Image by Flickr user penguinchris Not the scene in question, but you get the idea.
First reporting September 7, updates at the bottom.
I spotted an article in today's Post and Courier about a woman who was livid over U.S. 17 in rural Red Top being closed for 20 minutes to allow a parade procession to cross the highway.
An obvious comparison not made in the paper's brief is the annual Cooper River Bridge Run that shuts down U.S. 17 for well over an hour, in fact several.
Update September 19: State Transportation Secretary Buck Limehouse is putting his foot down to block the parade router in the future.

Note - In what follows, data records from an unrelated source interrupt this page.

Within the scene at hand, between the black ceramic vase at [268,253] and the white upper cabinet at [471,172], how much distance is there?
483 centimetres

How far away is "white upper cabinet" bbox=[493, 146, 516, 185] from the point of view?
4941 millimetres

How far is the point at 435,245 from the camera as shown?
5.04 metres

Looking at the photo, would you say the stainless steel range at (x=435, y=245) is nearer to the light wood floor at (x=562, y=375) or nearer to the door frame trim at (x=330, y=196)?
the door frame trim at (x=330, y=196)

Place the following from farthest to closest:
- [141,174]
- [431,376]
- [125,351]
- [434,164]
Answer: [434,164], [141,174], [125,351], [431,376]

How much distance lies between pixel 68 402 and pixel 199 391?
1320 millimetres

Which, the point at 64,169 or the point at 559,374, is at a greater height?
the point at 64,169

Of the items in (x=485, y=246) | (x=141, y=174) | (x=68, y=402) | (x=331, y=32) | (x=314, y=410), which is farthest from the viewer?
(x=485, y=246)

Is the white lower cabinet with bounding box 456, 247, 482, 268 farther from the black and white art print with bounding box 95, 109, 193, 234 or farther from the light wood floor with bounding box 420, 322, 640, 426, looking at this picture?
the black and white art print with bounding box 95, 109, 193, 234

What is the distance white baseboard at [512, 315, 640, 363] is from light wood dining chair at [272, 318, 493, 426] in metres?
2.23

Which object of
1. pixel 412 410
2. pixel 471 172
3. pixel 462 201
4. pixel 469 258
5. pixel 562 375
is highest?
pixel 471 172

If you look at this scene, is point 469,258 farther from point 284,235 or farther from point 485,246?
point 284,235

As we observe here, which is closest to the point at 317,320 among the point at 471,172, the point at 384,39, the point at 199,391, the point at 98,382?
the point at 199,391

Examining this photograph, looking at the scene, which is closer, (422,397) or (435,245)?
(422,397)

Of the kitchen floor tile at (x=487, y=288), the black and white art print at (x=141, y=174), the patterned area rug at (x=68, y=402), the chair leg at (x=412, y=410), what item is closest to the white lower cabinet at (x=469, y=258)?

Read about the latest turn at The Post and Courier.
Seems heavy-handed to me, and that there must be other ways of addressing the issue. That part of U.S. 17 is much busier than it used to be, but it's still not that busy that something else couldn't be worked out.

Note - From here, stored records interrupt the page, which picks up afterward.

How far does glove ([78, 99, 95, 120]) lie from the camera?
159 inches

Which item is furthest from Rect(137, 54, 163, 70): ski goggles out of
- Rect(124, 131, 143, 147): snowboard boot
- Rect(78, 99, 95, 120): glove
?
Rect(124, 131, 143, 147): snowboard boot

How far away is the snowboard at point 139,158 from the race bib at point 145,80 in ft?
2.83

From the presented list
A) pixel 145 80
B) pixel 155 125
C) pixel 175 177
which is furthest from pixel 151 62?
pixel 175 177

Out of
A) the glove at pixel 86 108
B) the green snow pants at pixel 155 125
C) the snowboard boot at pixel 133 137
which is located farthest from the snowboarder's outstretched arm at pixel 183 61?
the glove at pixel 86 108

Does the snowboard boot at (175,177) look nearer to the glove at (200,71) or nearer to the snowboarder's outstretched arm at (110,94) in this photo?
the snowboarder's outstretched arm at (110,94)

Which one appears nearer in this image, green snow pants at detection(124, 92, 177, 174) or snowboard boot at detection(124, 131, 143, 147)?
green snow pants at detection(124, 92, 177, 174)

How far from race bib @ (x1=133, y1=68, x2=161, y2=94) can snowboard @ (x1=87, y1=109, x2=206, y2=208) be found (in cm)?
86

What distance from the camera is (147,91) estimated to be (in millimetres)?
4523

Update September 26: A compromise has been reached where the parade will go on but the procession may be temporarily paused to allow traffic to flow if traffic becomes too backed up. -- It's such an obvious answer one has to wonder why this wasn't the first reaction? Read about the latest at The Post and Courier.
Update November 1: The Post and Courier is reporting that Transportation Secretary Buck Limehouse has issued his rules for the compromise and the community seem to be OK with them; read about it over here.
Odd that the state has no uniform code for operarting parades like these, Red Top is not the only parade that interupts a road where alternate routes are few.